Astèr Atèrla semble, à plusieurs endroits nous parler d’une urgence qui introduit dans les murs du Centre d’art ce qui semblerait de base ne pas lui appartenir, le corps, l’éphémère, les langages. Anie Matois ne fait pas autre chose lorsqu’elle nous donne à voir cet Autoportrait à la chaise. L’œuvre témoigne de sa réflexion sur les corps assignés, discriminés et opprimés. La douceur des pièces, comme les jeux de lumière, permet un éclairage nouveau sur ces morphologies qui semblent par endroit mis de côté. Sa démarche met également en avant la question du sujet unifié, mais aussi l’uniformité qui semble le plus souvent attendue.
Penser la mobilité
Il demeure une question centrale pour le spectateur de l’exposition, et cela, dans la situation insulaire qui est celle de la Réunion entre le clos et le gigantesque. Comment ne pas penser au puissant texte de Gilles Deleuze en parcourant le CCCOD, « Rêver des îles, avec angoisse ou avec joie, peu importe, c’est rêver qu’on se sépare, qu’on est déjà séparé, loin des continents, qu’on est seul et perdu – ou bien c’est rêver qu’on repart à zéro, qu’on recrée, qu’on recommence ». Mais pourtant c’est plutôt un rêve de mobilité qui semble parcourir l’exposition, celui de tisser des liens, d’amener à soi comme de se penser avec l’autre, avec Mayotte, avec l’Afrique du Sud. Ici, à la différence de chez Deleuze, l’île ne se rêve pas mais elle se vit. La richesse de l’animisme d’une œuvre comme chez Tatiana Patchama s’explore aussi au prisme des voyages immobiles, dans une rencontre spirituelle qui vient nous percuter.
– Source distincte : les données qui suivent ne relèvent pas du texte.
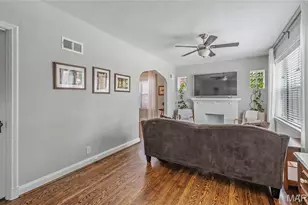 5625 Tholozan Ave, Saint Louis, MO 63109 - Photo 8
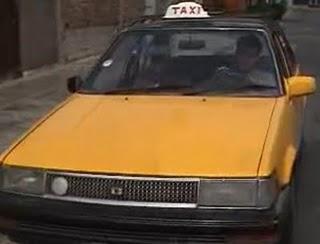 La clásica y otros cortos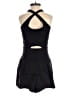 Unbranded Black Romper Size S - photo 2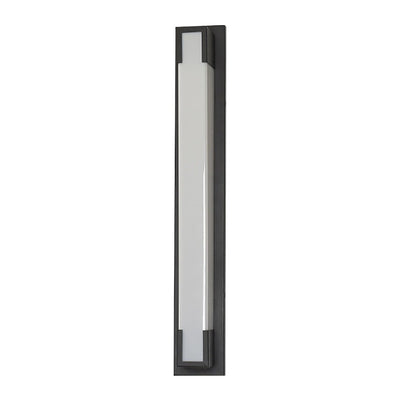 Lorena Retro Decorative Metal Outdoor Wall Lights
Le titre de l’article, « matérialité basaltique » fait écho à la prose du sculpteur oral Hasawa dans son œuvre Le visible de leurs invisibles. Dans cette œuvre écho au cahier d’un retour au pays natal l’auteur déclame « Notre langaz se devait d’être palpable, nous sommes plasticités, matériaux se recomposant sans cesse. Re-programmant sans fin notre matrice insulaire dans sa viscosité magmatique. »
« Astèr Atèrla », une exposition au Centre de Création Contemporaine Olivier Debré à Tours (CCCOD), jusqu’au 7 janvier 2024.